**ABOUT THIS EXERCISE**
The answer must be an exact reproduction of the lines from the start of the records below through the line containing "Full Size Floor", and nothing more.

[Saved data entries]
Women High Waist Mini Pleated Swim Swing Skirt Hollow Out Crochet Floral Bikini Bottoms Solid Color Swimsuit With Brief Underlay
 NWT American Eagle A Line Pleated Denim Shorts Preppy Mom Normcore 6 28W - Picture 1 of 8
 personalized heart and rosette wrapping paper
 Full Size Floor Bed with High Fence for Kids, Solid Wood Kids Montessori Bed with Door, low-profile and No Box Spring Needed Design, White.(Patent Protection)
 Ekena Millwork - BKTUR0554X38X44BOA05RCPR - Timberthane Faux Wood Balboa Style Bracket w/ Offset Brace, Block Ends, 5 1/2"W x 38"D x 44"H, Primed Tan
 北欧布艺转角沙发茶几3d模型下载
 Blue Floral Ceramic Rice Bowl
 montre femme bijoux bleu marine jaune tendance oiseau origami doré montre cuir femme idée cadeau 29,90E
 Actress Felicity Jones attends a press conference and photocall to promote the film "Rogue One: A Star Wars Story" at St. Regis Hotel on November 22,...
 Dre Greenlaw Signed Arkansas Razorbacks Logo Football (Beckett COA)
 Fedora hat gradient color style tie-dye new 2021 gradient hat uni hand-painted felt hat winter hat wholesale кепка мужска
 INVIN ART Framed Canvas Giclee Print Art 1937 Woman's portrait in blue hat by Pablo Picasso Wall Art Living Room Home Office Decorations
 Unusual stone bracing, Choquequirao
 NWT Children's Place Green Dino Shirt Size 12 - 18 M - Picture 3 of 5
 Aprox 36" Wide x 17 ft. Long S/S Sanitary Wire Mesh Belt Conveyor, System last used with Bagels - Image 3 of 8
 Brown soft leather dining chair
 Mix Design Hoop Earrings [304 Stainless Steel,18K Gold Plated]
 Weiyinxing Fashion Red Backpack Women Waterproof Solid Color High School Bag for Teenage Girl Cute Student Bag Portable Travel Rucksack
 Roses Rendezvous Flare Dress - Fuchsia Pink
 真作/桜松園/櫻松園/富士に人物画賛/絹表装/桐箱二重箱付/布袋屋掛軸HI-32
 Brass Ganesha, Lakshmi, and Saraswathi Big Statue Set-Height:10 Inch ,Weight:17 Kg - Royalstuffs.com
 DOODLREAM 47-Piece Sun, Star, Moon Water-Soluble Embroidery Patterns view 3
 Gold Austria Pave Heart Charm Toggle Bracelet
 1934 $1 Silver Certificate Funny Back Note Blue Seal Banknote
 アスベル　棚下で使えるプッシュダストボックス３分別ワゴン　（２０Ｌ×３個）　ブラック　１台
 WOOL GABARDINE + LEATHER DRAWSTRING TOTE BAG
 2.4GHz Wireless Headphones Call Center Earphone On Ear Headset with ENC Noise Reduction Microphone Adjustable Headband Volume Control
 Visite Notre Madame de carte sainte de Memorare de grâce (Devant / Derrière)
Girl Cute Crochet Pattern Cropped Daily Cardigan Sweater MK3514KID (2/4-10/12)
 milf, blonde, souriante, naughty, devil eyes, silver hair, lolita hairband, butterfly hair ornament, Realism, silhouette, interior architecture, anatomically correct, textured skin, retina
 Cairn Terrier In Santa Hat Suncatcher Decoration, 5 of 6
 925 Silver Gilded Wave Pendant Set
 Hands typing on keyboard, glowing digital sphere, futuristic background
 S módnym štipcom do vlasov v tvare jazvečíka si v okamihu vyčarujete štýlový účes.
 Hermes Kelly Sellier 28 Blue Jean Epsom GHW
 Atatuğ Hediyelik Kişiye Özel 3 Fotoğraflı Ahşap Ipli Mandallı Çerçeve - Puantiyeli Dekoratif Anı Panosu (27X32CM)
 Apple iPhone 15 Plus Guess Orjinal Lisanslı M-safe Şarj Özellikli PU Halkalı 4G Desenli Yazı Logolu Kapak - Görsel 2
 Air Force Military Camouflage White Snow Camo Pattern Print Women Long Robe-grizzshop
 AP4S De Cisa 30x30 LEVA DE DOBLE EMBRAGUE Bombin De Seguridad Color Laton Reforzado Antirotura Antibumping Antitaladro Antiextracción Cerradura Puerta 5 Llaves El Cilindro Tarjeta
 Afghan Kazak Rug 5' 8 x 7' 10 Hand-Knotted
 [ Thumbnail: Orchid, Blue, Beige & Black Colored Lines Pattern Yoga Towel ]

**TASK OUTPUT**
Women High Waist Mini Pleated Swim Swing Skirt Hollow Out Crochet Floral Bikini Bottoms Solid Color Swimsuit With Brief Underlay
 NWT American Eagle A Line Pleated Denim Shorts Preppy Mom Normcore 6 28W - Picture 1 of 8
 personalized heart and rosette wrapping paper
 Full Size Floor Bed with High Fence for Kids, Solid Wood Kids Montessori Bed with Door, low-profile and No Box Spring Needed Design, White.(Patent Protection)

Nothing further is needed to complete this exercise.